To install all of the libraries, run the commands in the "install.txt" file. These are:

• sudo apt-get install python-pip
• sudo pip install numpy scipy
• sudo pip install pandas
• sudo apt-get install python-matplotlib
• sudo pip install -U scikit-learn
• sudo pip install tabulate

• helpers.py: Helper functions. adapted from the Python Machine Learning repository
• explore_wine_data.py: Exploratory data analysis of the wine dataset from sklearn using visualisations. Includes data analysis using histogram, scatterplot, bee swarm plot, and cumulative distribution function.
• statistics_iris.py: Compute various statistics of the iris dataset features such as histogram, min, max, median, mean, and variance.
• covariance_boston.py: Compute the covariance matrix of the Boston Housing dataset. These matrices can sometimes give faster insight into which variables are related rather than creating scatter plots.
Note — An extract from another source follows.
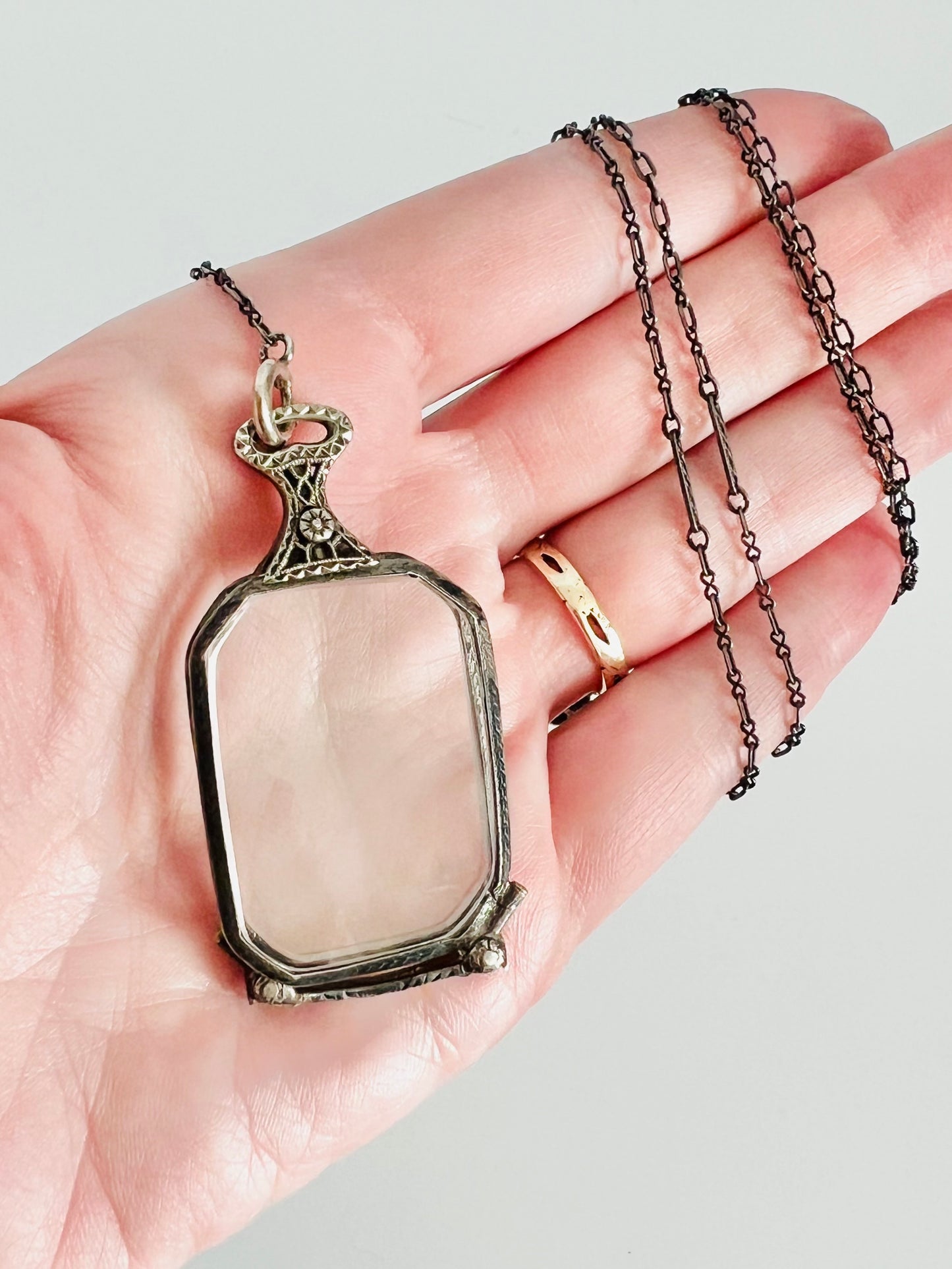 Rare Victorian Sterling Silver Lorgnette Eye Glass Necklace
• Histogram: A histogram is a graphical method of displaying quantitative data. A histogram displays the single quantitative variable along the x axis and frequency of that variable on the y axis. The distinguishing feature of a histogram is that data is grouped into "bins", which are intervals on the x axis.
• Scatterplot: A scatter plot is a graphical method of displaying the relationship between data points. Each feature variable is assigned an axis. Each data point in the dataset is then plotted based on its feature values.
• Beeswarm Plot: A Beeswarm plot is a two-dimensional visualisation technique where data points are plotted relative to a fixed reference axis so that no two datapoints overlap. The beeswarm plot is a useful technique when we wish to see not only the measured values of interest for each data point, but also the distribution of these values.
• Cumulative Distribution Function: The cumulative distribution function (cdf) is the probability that a variable takes a value less than or equal to x. For example, we may wish to see what percentage of the data has a certain feature variable that is less than or equal to x.
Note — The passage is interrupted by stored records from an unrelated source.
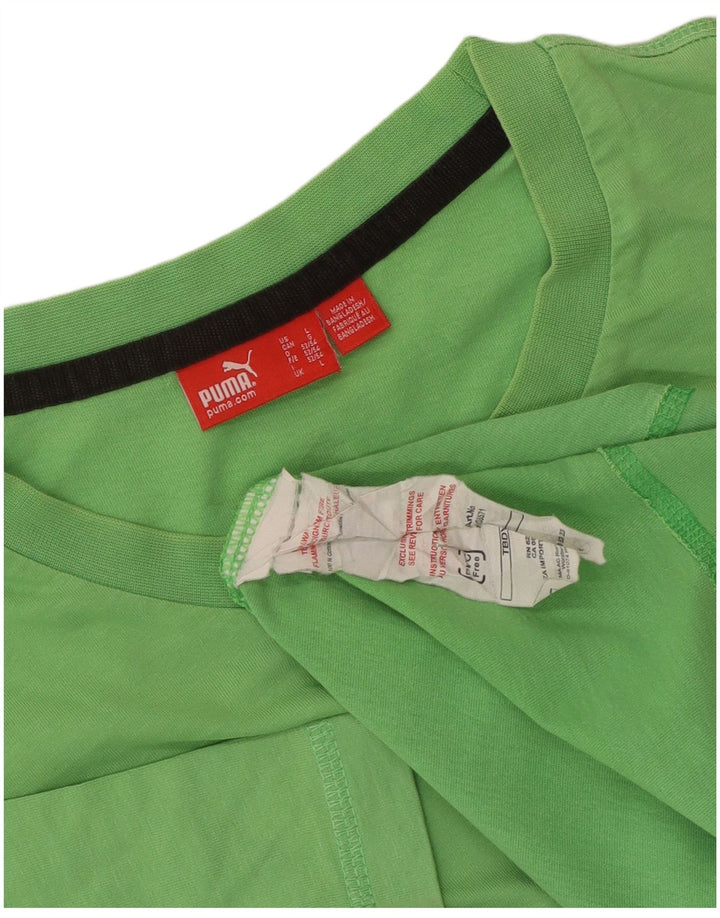 Puma Herren Grafik-T-Shirt-Oberteil, groß, grüne Baumwolle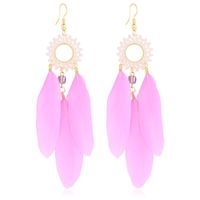 Letnie kolczyki z piórkami Boho 12 cm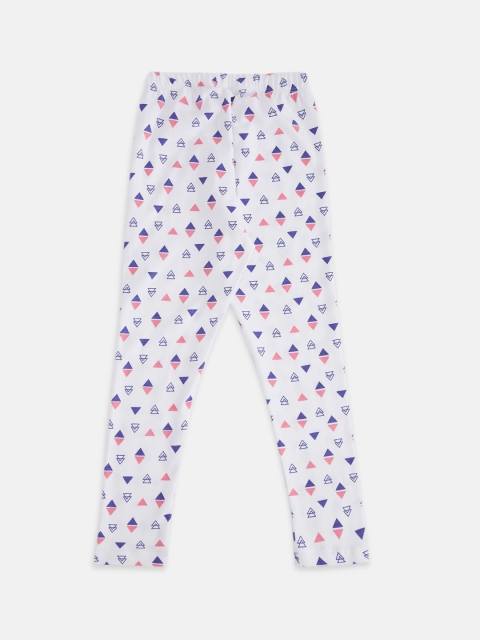 Pantaloons Junior Girls White & Pink Printed Leggings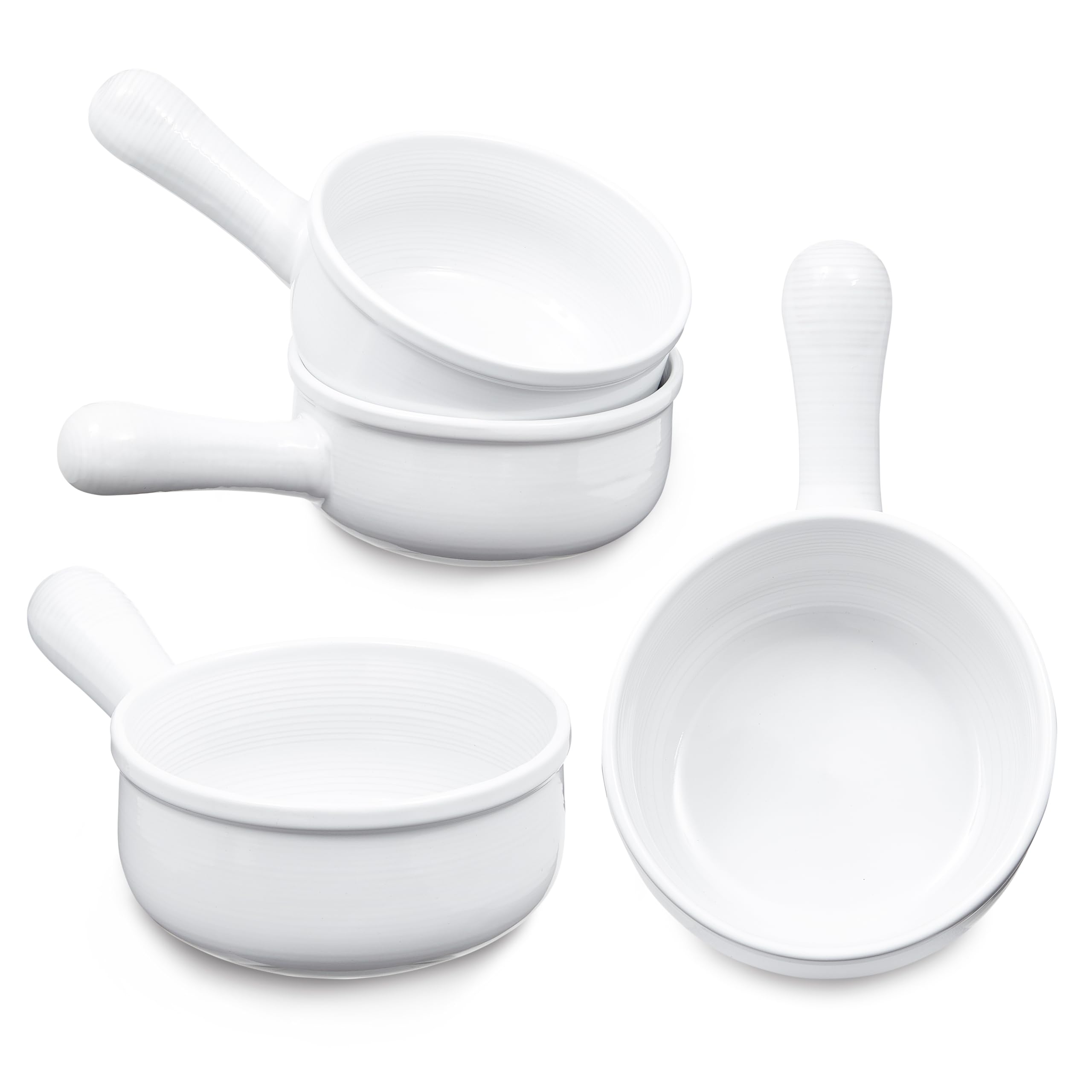 Sheffield Home French Onion Soup Crocks Set of 4 - 15oz Ceramic Bowls with Large Handles, Microwave, Oven & Dishwasher Safe - White - Perfect for French Onion Soup, Stews, Chili & Baking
• Mean and Median: Both of these show a type of "average" or "center" value for a particular feature variable. The mean is the more literal and precise center; however median is much more robust to outliers which may pull the mean value calculation far away from the majority of the values.
• Variance and Standard Deviation: Useful for seeing to what degree the feature variable of a dataset varies across all example i.e are most of the values for this particular feature variable similar across the dataset or are they all very different.
• Covariance Matrix: The covariance of two variables measures how "correlated" they are. If the two variables have a positive covariance, then one when variable increases so does the other; with a negative covariance the values of the feature variables will change in opposite directions. The magnitude of the covariance determines how strongly the features are correlated. A high covariance value means that when one of the feature variables changes by an amount x, the other will change by an amount very close to x; vice versa for low covariance values.